Article	Figure 1	Figure 2	Figure 3	Figure 4
Figure 5	jan2007.tar

Nagios and Fruity: What Is Their Monitoring Potential for Your Network?

Jonathan Krein

This article will provide a brief introduction to Brigham Young University's (BYU) implementation of Nagios and Fruity and present what I have learned about how these monitoring applications perform on both a dedicated server and in a virtual environment. In this article, I will describe the limits of Nagios and how its performance varies depending on platform. With the data presented here, you should be better able to project growth potential for a Nagios-Fruity implementation in your own network.
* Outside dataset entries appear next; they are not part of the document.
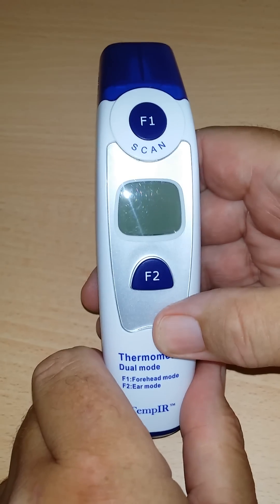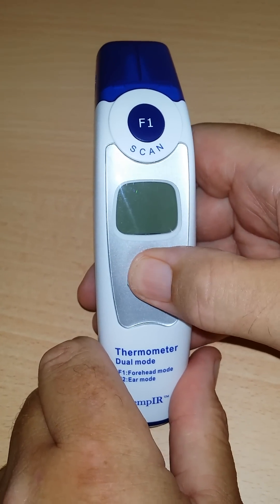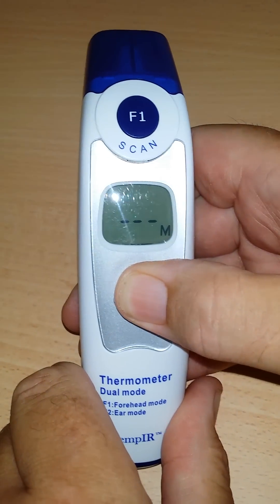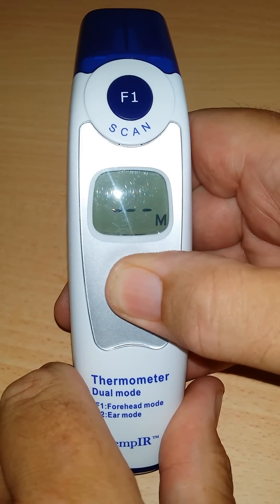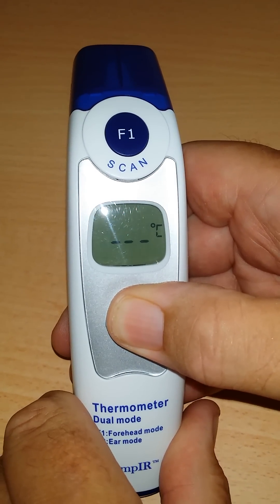Yes, hi there. What you need to do from power off is press the F2 button, keeping your finger down on the button. What you'll see on the digital readout — it takes about eight seconds — you can see there it says centigrade.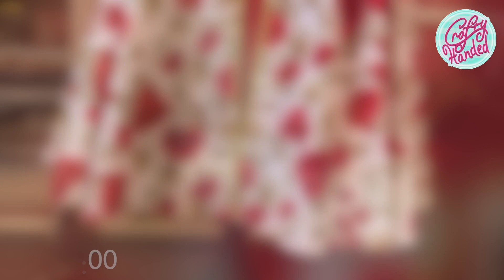So, can the Butterick walk-away dress be done in under 4 hours? Yes. Will it fit? Most likely not. It needs a hell of a lot of adjustments and fitting.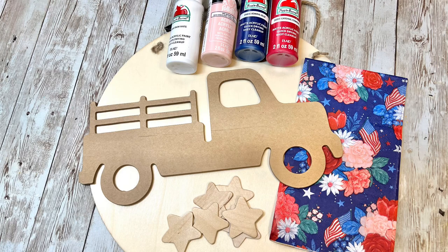Hey everybody, it's Janice with Creating Through Chaos, and today we're going to make a Dollar Tree Patriotic Door Hanger.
At BYU, the production versions of Nagios and Fruity are housed together on a single dedicated server. In fact, BYU's network has traditionally been hardware based. However, because of the benefits of virtual servers, our network is beginning to move in the virtual direction. Such a move raises several important questions for Nagios and Fruity:

Should we move Nagios and Fruity from their dedicated hardware to a virtual environment?
What would be the ramifications of such a move, and what losses in performance might we incur?
How much room would Nagios have to grow (i.e., monitoring more hosts and services) on either of these two platforms?
If we did move to a virtual environment, would we need to distribute Nagios's load over multiple servers?
In a distributed environment, how many servers would we need?
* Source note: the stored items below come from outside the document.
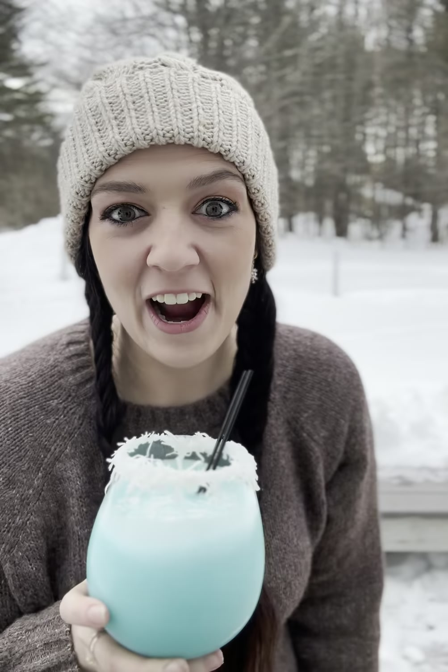And then we are going to pour this in. See how it came out — oh, that looks so pretty! And then we are going to put a little bit more coconut on top. This looks absolutely delicious. Let's give it a try — I do have a straw here, let me use a straw.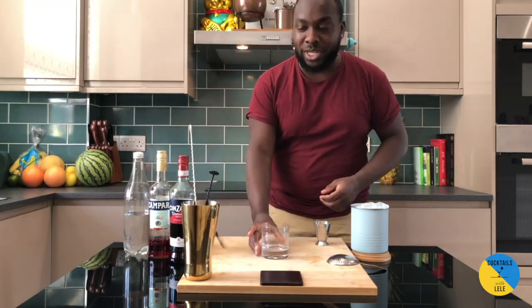Hello guys, welcome to my home bar. My name is Lennon and today we are going to make an Americano. A very easy drink to make — Campari, Sweet Vermouth and Soda. Let's do it together.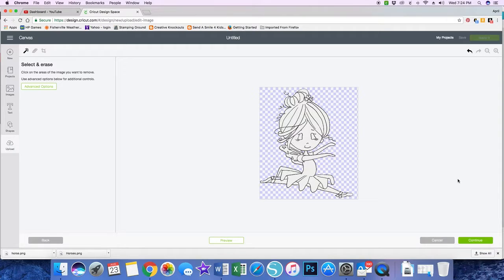The more that your image has connected lines, the better this tool will work. When you have hand-drawn images it's going to be a little less reliable, simply because it assumes that when you have an image where lines don't meet, that that's open space. I've clicked all the spaces that I want to be cut around, so I'm going to click Continue.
To answer these questions, first I will cover some background information about Nagios and Fruity. Next, I will talk about how these applications perform on a dedicated server. Then, I will show what they can do on a virtual server, and I'll present one server configuration option to be aware of, since it has a large impact on Nagios and Fruity's performance. I will conclude this discussion with a Nagios load analysis, which should give you a good indication of what Nagios is capable of, particularly in a virtual environment. Along the way, I hope you will also see what potential Nagios has to monitor a large network, as well as the benefits of a configuration file manager like Fruity.

Background Information

Nagios is a Linux-based, enterprise-class monitoring application distributed under an open source license. Nagios works from text configuration files that store information about hosts and services. A host represents a server or other device out on the network, while each service represents a different check that is being performed on its associated host (e.g., CPU utilization, memory usage, processes running). Service checks make up the bulk of Nagios's load, but hosts are also given a health check when one of their services reports a problem. The real power behind Nagios is that everything Nagios does, from running checks to responding to alerts, is based on commands that you define. When the status of a host or service changes, Nagios uses these commands -- which in turn do the real work -- to run scripts or other programs This means that Nagios can do just about anything you can program.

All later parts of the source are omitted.